Of course, I would return to issues around conditions in Iran years later, particularly with regard to Women’s and Gay Rights – and of course, in the last year everyone’s talking about Iran – but that curious bit of information on the back of a Zappa album was forgotten.

But it popped back into my head about a week back when I was poking around on eBay and stumbled upon an Iranian exile in Canada selling some records. His note said:

“All of the Iranian records were released in extremely limited numbers. Those releases are from end 50s until begin70s when the last King of Persia (Shah) ruled the country. After change of regime in Iran, the government closed all record companies and destroyed all available records on the market.”

Now I love records with a bit of history behind them, so I couldn’t resist bidding on a few, and ultimately buying the three featured here. I also had a very pleasant email exchange with the seller who told me a little bit more about the records and about what happened to the music after the theocratic mullahs took power.

Apparently, Iranian record companies made these records from the 50s until the fundamentalists took over in 1979. Their output was mainly local music (about 80%) and the other 20% was western. I am also told that Iranian companies even exported records for the Turkish market. Of course, Iran had been making recordings since the 1890s.

What I found quite interesting is that “western music” appeared to be a genre all on it’s own, with none of the categories that we naturally break it up into: blues, rock, folk, jazz, easy listening, etc… Take this compilation EP for example:

Apart for the beautiful cover art, what strikes one is the track listing by this Top4 label record: “Jerushalaim” by Charles Aznavour, “La Mia Serenata” by Jimmy Fontana, “Somebody to Love” by Jefferson Airplane, and “Homburg” by Procol Harem. That‘s quite a mixture!

Another label doing a similar thing was the Royal label:

They followed the same formula, making me think that the market demanded a wide-ranging and varied diet of both western and locally producedpopular music. What is also notable is that the format seems to be 4-track 7-inch discs (known as EPs). The chief reason for EPs was that many people did not have the equipment to play 12” records, so the record companies often put out albums in instalments. These were also less of a cash outlay at one time. I wonder if the Iranian companies did so many EPs – well into the 70s – for similar reasons.

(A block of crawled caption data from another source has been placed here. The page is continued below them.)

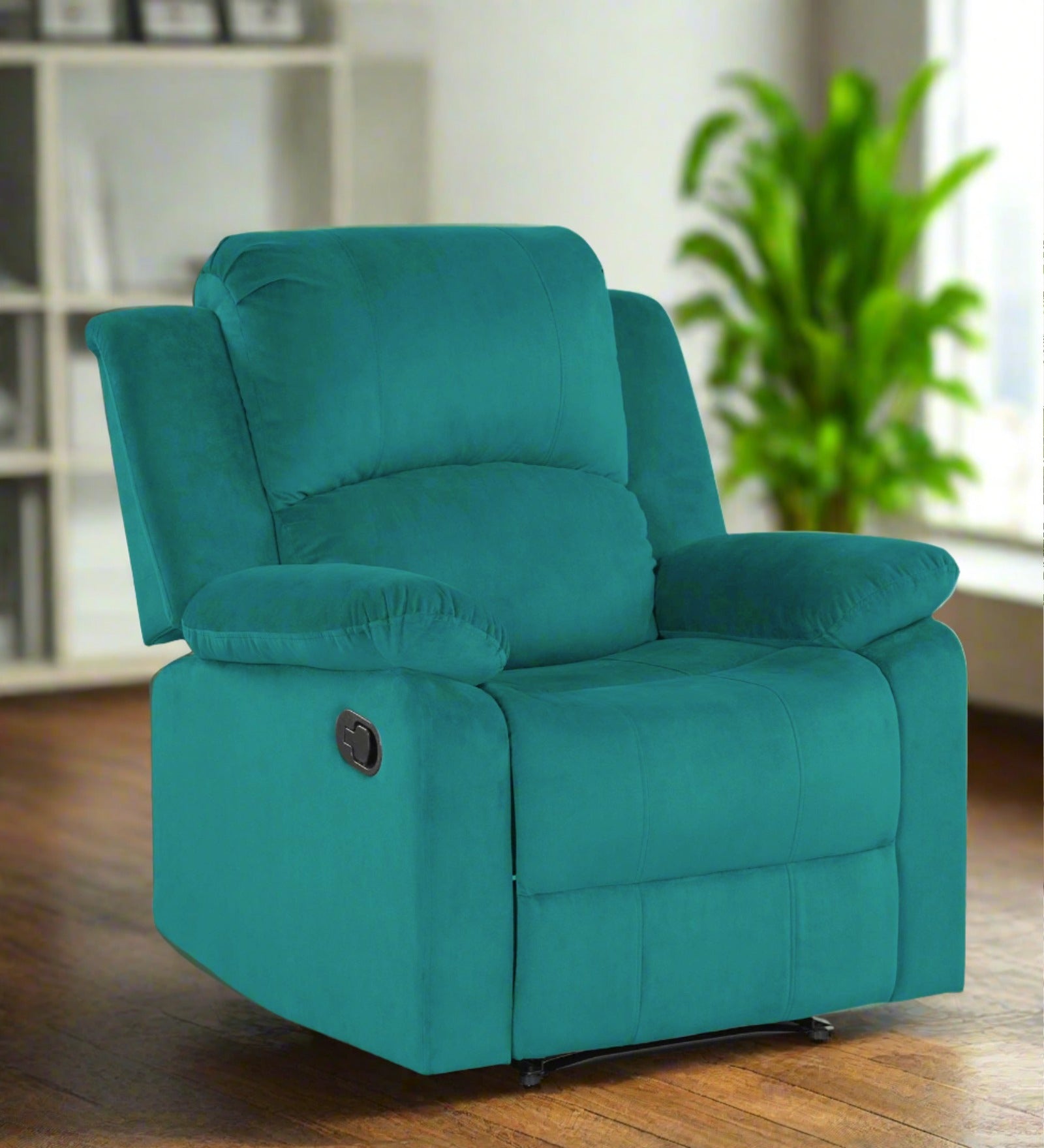 Henry Fabric 1 Seater Manual Recliner In Sea Green Colour - Febonic Living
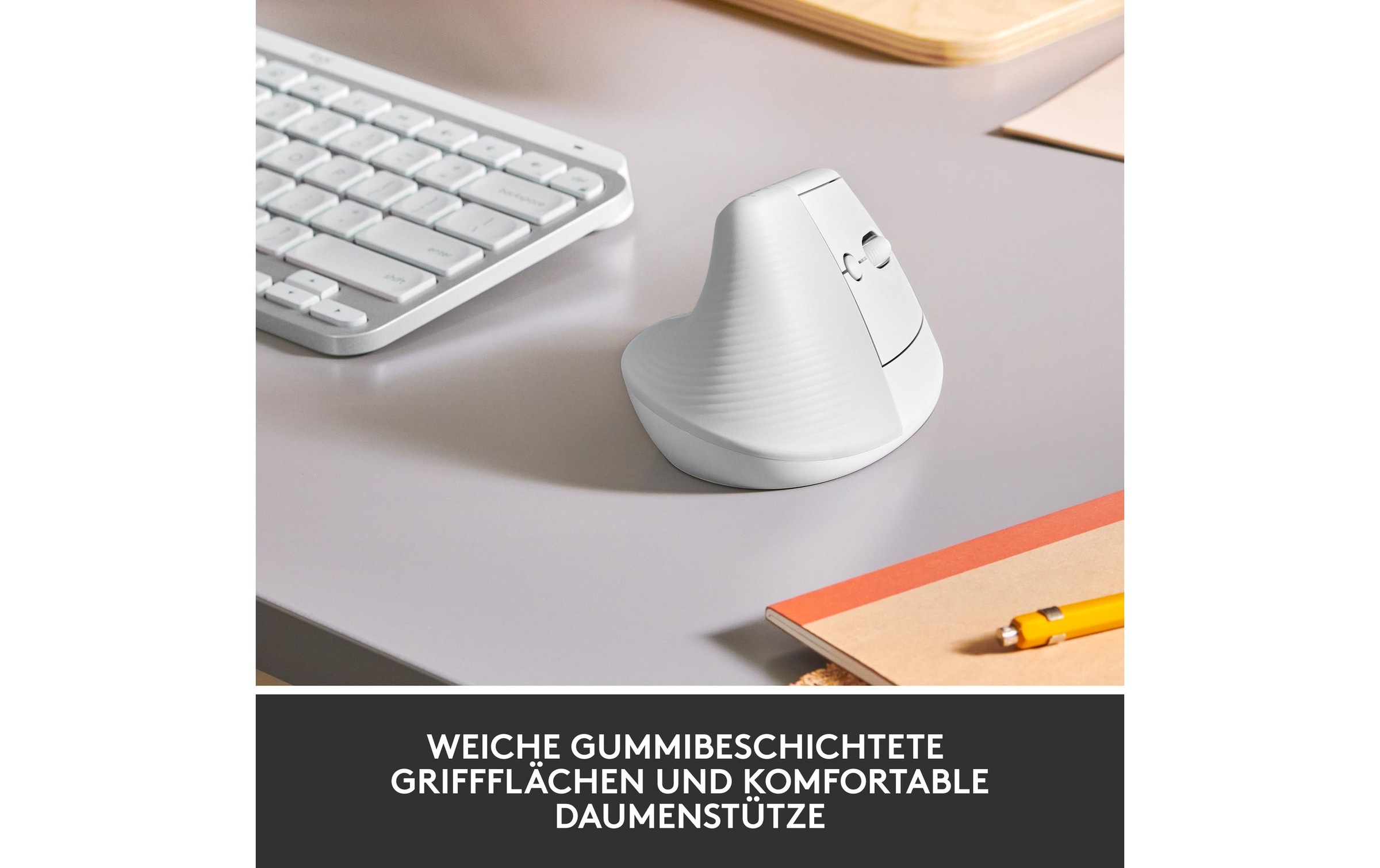 Logitech ergonomische Maus »Maus Lift Off-white«, kabellos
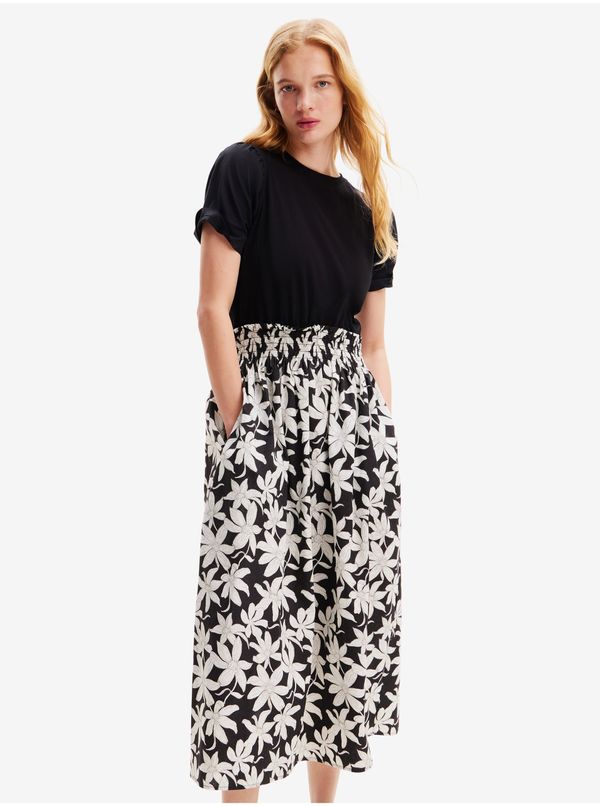 DESIGUAL Women's White and Black Floral Midi Dress Desigual Marlon - Women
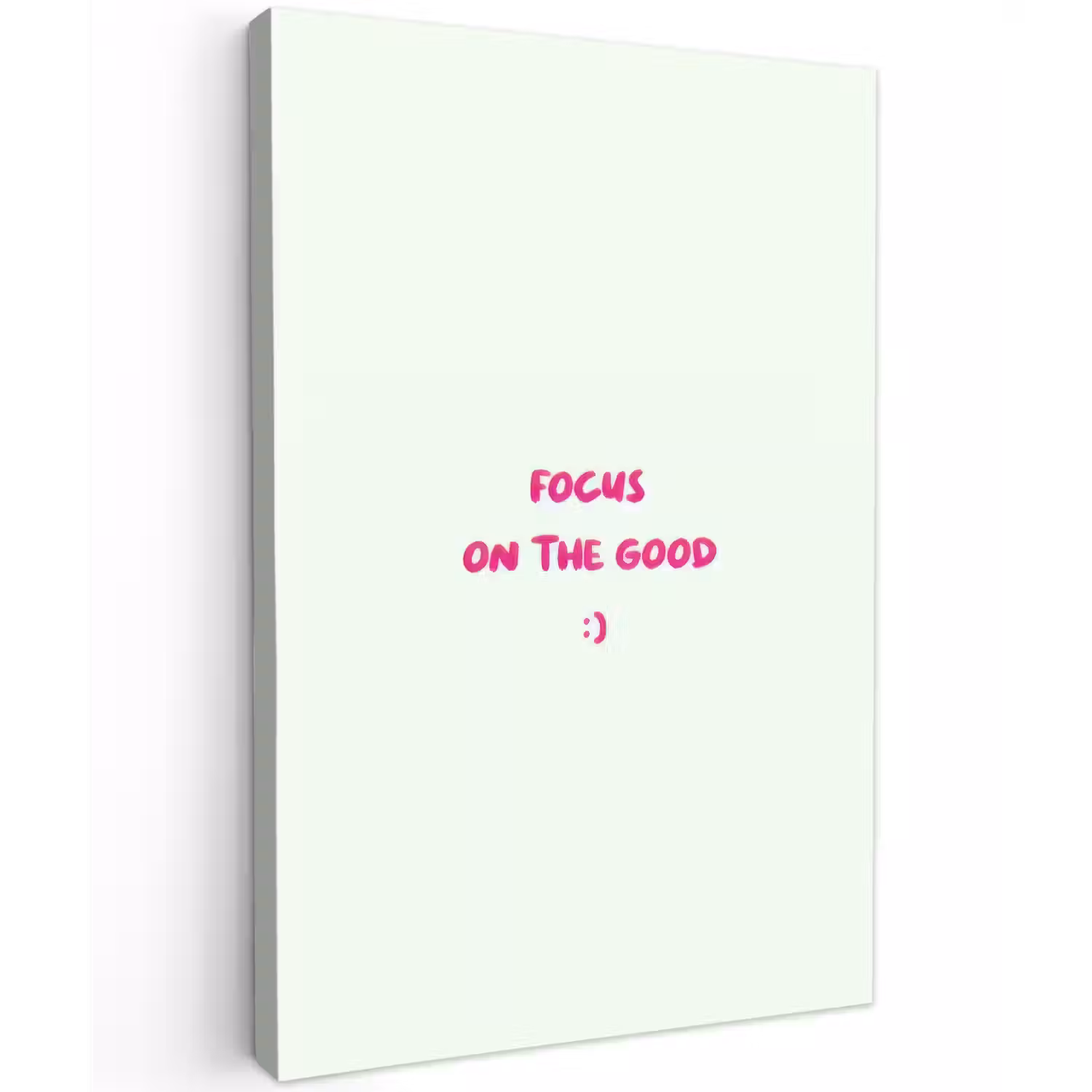 Focus - Beige - Roze - Smiley Tuinposter op houten frame 2 cm dik klein -3d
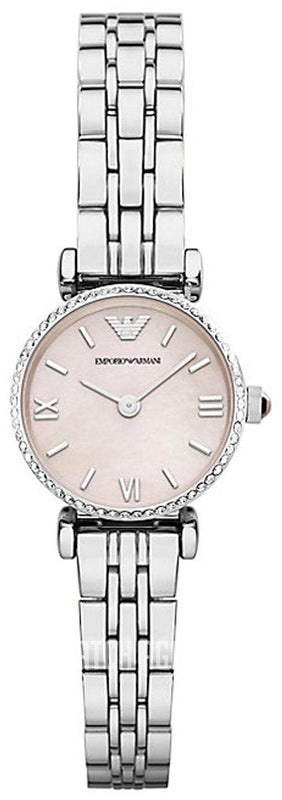 Buy Shop Emporio Armani Classic Gianni T Bar Crystals Pink Dial Silver Steel Strap Watch For Women - AR1781 USA Online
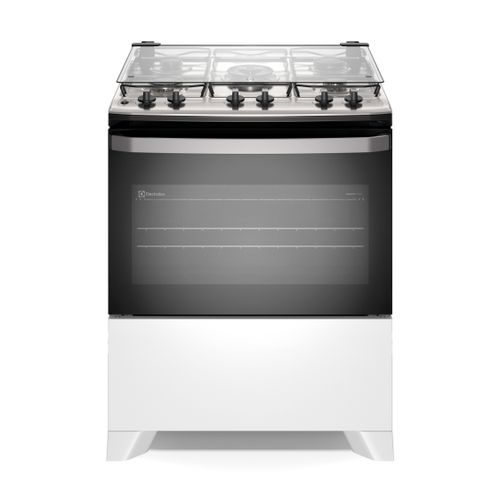 Fogão 5 bocas Electrolux Branco Efficient Mesa Inox, PerfectCook e VaporBake® (FE5IW) - Bivolt Fogão 5 bocas Electrolux Branco Efficient Mesa Inox, PerfectCook e VaporBake® (FE5IW) - Bivolt
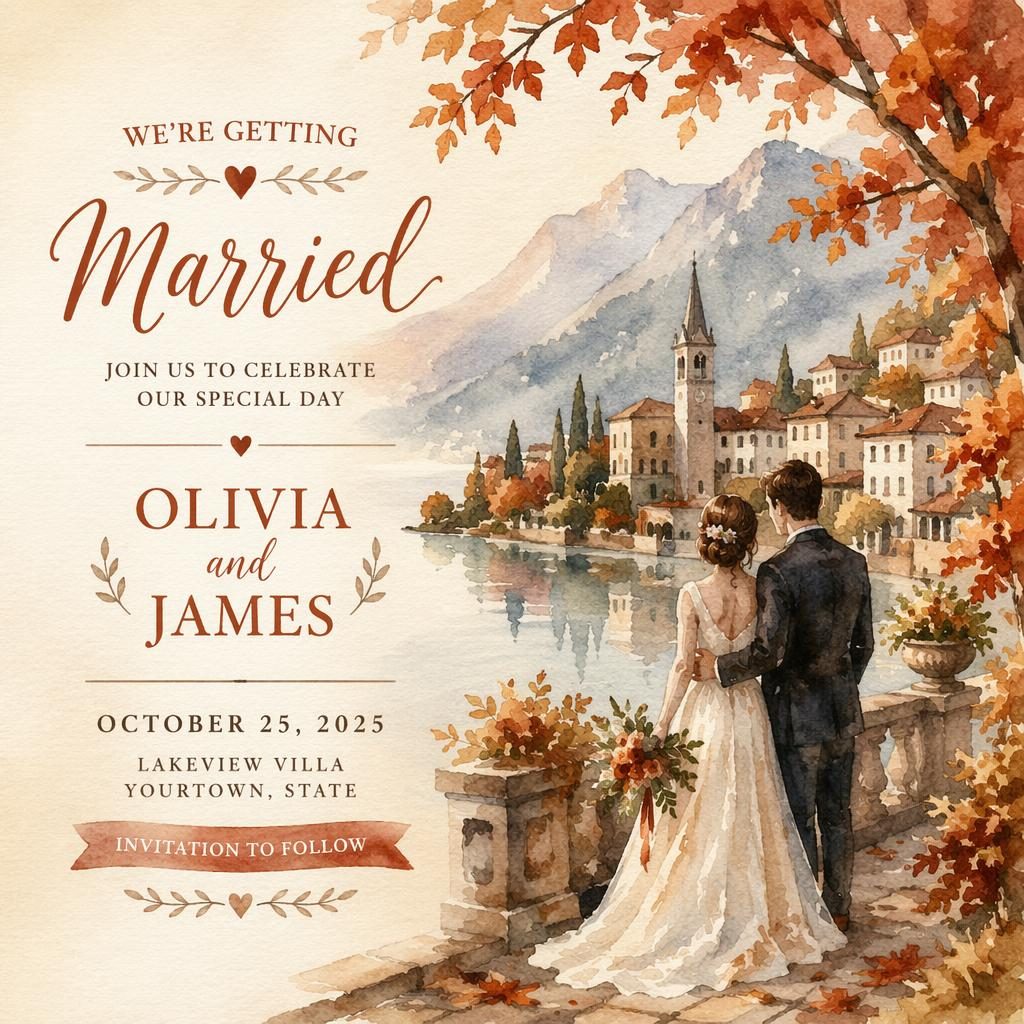 Watercolor 6x4 wedding announcement tourist postcard with autumn rust tones, scenic illustration, and sharp placeholder text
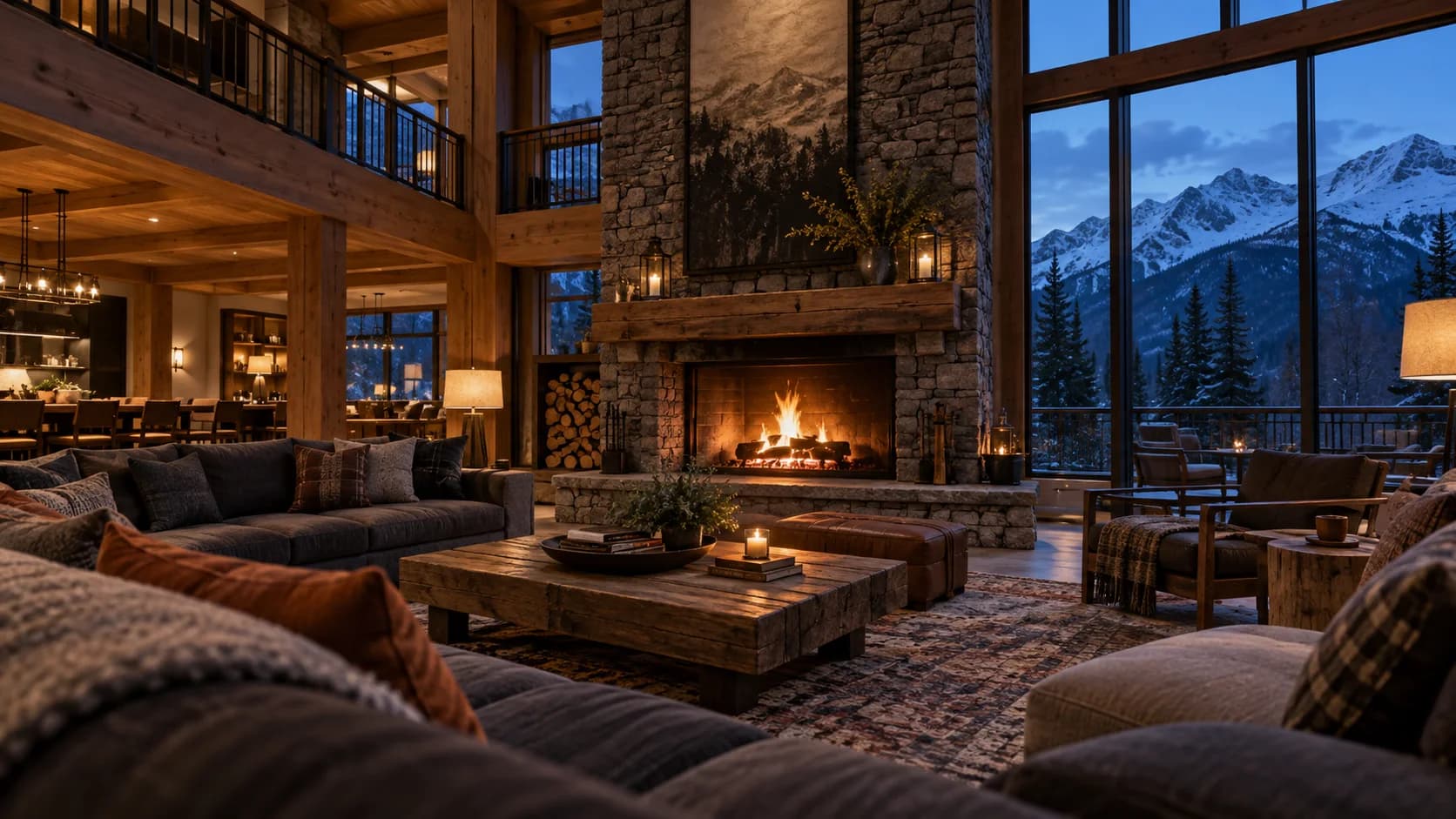 a mountain lodge lounge; a stone fireplace wall; a timber-framed valley retreat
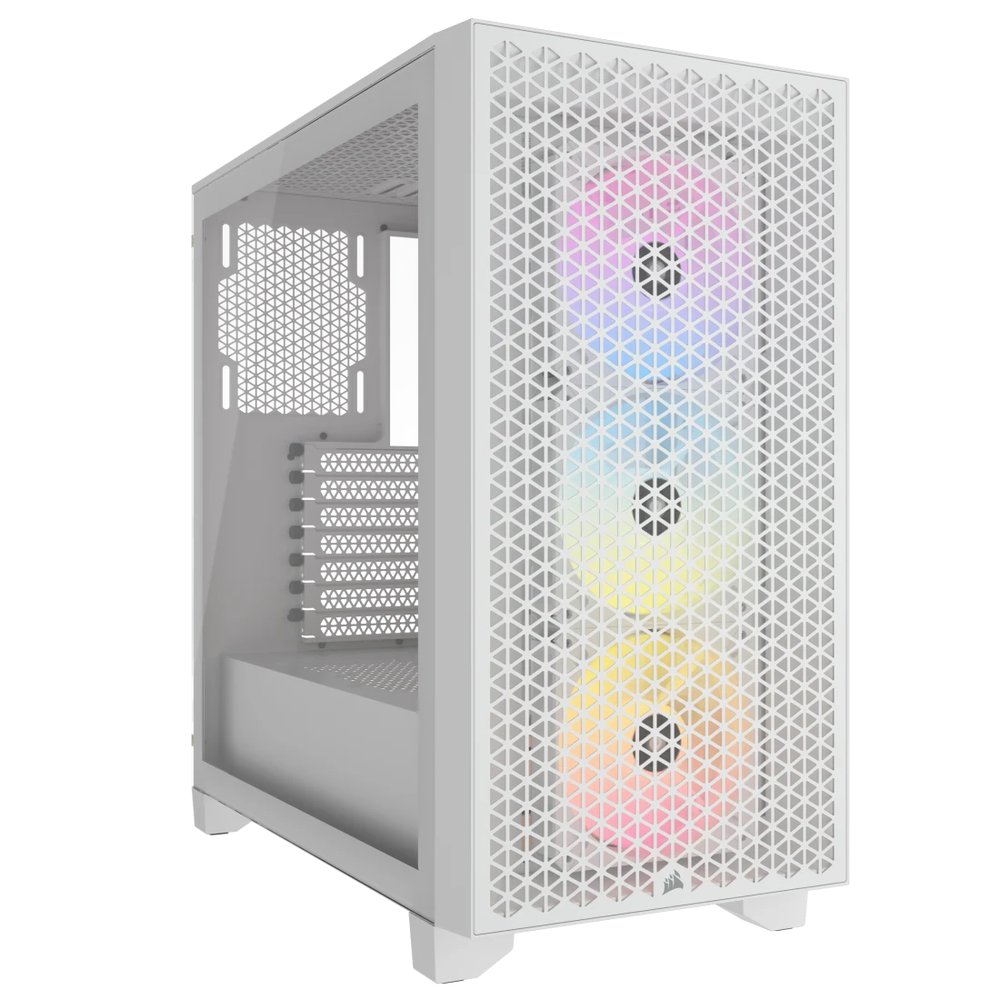 Corsair 3000D RGB AIRFLOW White Mid-Tower PC Case; 2x 3.5'' | 2x 2.5'' Drive Bays; Up to 360mm Radiator compatible; 3x 120mm fan incl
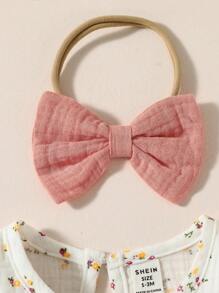 Souflis Souflis Newborn Baby Girl Ditsy Floral Bow Front Ruffle Trim Romper - White - View 7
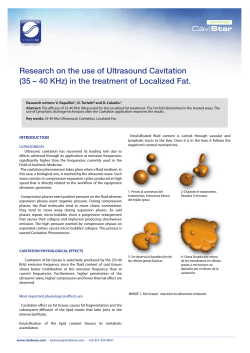 Research on the use of Ultrasound Cavitation INTRODUCTION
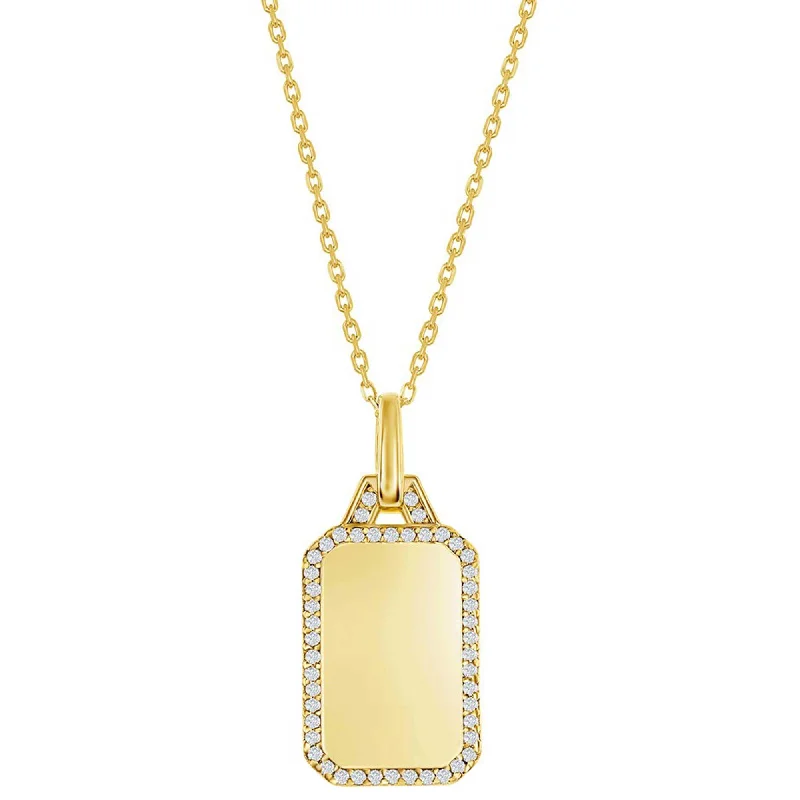 Women's necklaces eternal-shimmer-Classic Women's Necklace - Gold Plated Rectangle Dog Tag with CZ Border | M-7037-GP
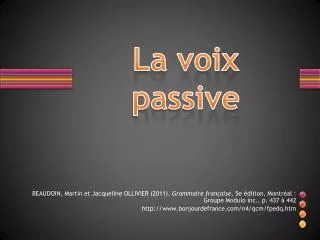 la voix passive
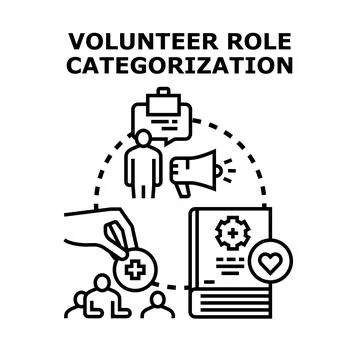 Volunteer role categorization and management concept Stock Illustration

This Royal label EP had “I’m Coming Home” by Tom Jones and “This Town” by Nancy Sinatra (I’m pretty sure that’s a misprint of “Sugar Town”) on the A side and “All My Love” by Cliff Richard and “Cupid’s House” by Ebony Keyeson the B side. Perhaps not as radical a mix as Charles Aznavour and Jefferson Airplane!

My correspondent tells me that he left Iran shortly after the revolution bringing many of his records with him. “It was very difficult and dangerous to do that but I spent lots of money to manage that,” he tells me. Still, he had to leave part of his collection behind.

He has now decided, with some regrets, to sell parts of it. He explained why:

“My collection is a part music history in a very complicated country like Iran. There were not much people who appreciated that, that’s why you don’t have much collectors and these items are so rare. I decided to sell them to the westerns because they keep them safe, they know their values and they will be safe for ever. Just like lots of magnificent Persian or Egyptian antiques and precious things in western museums, if they were in native countries probably they had the same destiny as what the Iraqi and Afghan treasures had! I won’t live forever and if I die this little part of music history dies forever.”

One of the most vexing ironies is the fact that Iran’s mullahs used the relatively new cassette tape technology in the late 70s to foment their theocratic revolution. After the revolution, of course, cassette recorders were banned.

Still, thanks to the Internet and to Satellite receivers, rock ‘n’ roll is returning to Iran. The government is even having to sponsor a few state-sanctioned (and sanitised) acts, though “western music” is still officially banned – close monitored by the Ministry of Culture and Islamic Guidance, or, as Frank Zappa might have called it: “The Central Scrutinizer”.